What to work on: Return the entire listing, character for character.
Top of Exercise materials
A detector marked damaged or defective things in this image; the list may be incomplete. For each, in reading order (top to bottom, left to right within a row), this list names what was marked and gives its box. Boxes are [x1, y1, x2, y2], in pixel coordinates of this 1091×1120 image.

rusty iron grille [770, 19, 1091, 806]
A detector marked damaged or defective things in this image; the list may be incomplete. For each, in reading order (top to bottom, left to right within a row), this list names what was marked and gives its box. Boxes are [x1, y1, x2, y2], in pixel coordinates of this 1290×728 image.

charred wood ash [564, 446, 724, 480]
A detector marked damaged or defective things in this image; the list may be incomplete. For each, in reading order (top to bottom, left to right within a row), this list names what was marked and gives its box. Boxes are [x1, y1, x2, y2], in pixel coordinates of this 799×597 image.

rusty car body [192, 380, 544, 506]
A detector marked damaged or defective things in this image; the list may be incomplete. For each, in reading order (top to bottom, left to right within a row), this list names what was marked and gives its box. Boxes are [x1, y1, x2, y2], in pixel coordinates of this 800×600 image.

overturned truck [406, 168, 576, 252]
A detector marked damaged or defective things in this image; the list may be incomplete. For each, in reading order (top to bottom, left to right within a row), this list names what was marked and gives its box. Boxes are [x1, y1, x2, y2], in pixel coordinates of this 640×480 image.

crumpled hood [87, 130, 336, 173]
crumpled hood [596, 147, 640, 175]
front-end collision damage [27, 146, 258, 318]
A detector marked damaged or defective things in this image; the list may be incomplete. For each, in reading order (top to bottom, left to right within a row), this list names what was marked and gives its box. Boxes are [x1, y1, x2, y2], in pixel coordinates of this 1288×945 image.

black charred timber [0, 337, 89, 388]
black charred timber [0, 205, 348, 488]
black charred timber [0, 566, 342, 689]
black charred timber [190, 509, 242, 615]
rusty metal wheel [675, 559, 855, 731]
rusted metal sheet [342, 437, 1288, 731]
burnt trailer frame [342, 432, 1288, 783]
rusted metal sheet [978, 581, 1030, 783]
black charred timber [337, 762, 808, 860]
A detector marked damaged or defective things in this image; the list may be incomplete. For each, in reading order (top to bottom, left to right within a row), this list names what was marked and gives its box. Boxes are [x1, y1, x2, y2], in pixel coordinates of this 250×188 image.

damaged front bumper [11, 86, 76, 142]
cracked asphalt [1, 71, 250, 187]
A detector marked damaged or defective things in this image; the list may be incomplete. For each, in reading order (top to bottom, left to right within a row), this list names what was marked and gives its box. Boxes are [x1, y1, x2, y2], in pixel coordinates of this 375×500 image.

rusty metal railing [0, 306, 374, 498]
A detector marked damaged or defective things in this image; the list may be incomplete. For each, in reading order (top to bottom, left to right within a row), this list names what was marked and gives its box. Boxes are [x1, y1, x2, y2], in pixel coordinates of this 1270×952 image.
Bottom of Exercise materials
Task solution:
A detector marked damaged or defective things in this image; the list may be incomplete. For each, in reading order (top to bottom, left to right within a row), this list names what was marked and gives its box. Boxes are [x1, y1, x2, y2], in pixel coordinates of this 1091×1120 image.

rusty iron grille [770, 19, 1091, 806]
A detector marked damaged or defective things in this image; the list may be incomplete. For each, in reading order (top to bottom, left to right within a row), this list names what was marked and gives its box. Boxes are [x1, y1, x2, y2], in pixel coordinates of this 1290×728 image.

charred wood ash [564, 446, 724, 480]
A detector marked damaged or defective things in this image; the list may be incomplete. For each, in reading order (top to bottom, left to right within a row), this list names what was marked and gives its box. Boxes are [x1, y1, x2, y2], in pixel coordinates of this 799×597 image.

rusty car body [192, 380, 544, 506]
A detector marked damaged or defective things in this image; the list may be incomplete. For each, in reading order (top to bottom, left to right within a row), this list names what was marked and gives its box. Boxes are [x1, y1, x2, y2], in pixel coordinates of this 800×600 image.

overturned truck [406, 168, 576, 252]
A detector marked damaged or defective things in this image; the list may be incomplete. For each, in reading order (top to bottom, left to right within a row), this list names what was marked and gives its box. Boxes are [x1, y1, x2, y2], in pixel coordinates of this 640×480 image.

crumpled hood [87, 130, 336, 173]
crumpled hood [596, 147, 640, 175]
front-end collision damage [27, 146, 258, 318]
A detector marked damaged or defective things in this image; the list may be incomplete. For each, in reading order (top to bottom, left to right within a row), this list names what was marked and gives its box. Boxes are [x1, y1, x2, y2], in pixel coordinates of this 1288×945 image.

black charred timber [0, 337, 89, 388]
black charred timber [0, 205, 348, 488]
black charred timber [0, 566, 342, 689]
black charred timber [190, 509, 242, 615]
rusty metal wheel [675, 559, 855, 731]
rusted metal sheet [342, 437, 1288, 731]
burnt trailer frame [342, 432, 1288, 783]
rusted metal sheet [978, 581, 1030, 783]
black charred timber [337, 762, 808, 860]
A detector marked damaged or defective things in this image; the list may be incomplete. For each, in reading order (top to bottom, left to right within a row), this list names what was marked and gives its box. Boxes are [x1, y1, x2, y2], in pixel coordinates of this 250×188 image.

damaged front bumper [11, 86, 76, 142]
cracked asphalt [1, 71, 250, 187]
A detector marked damaged or defective things in this image; the list may be incomplete. For each, in reading order (top to bottom, left to right within a row), this list names what was marked and gives its box. Boxes are [x1, y1, x2, y2], in pixel coordinates of this 375×500 image.

rusty metal railing [0, 306, 374, 498]
A detector marked damaged or defective things in this image; the list may be incomplete. For each, in reading order (top to bottom, left to right within a row), this list names what was marked and gives its box. Boxes are [x1, y1, x2, y2], in pixel coordinates of this 1270×952 image.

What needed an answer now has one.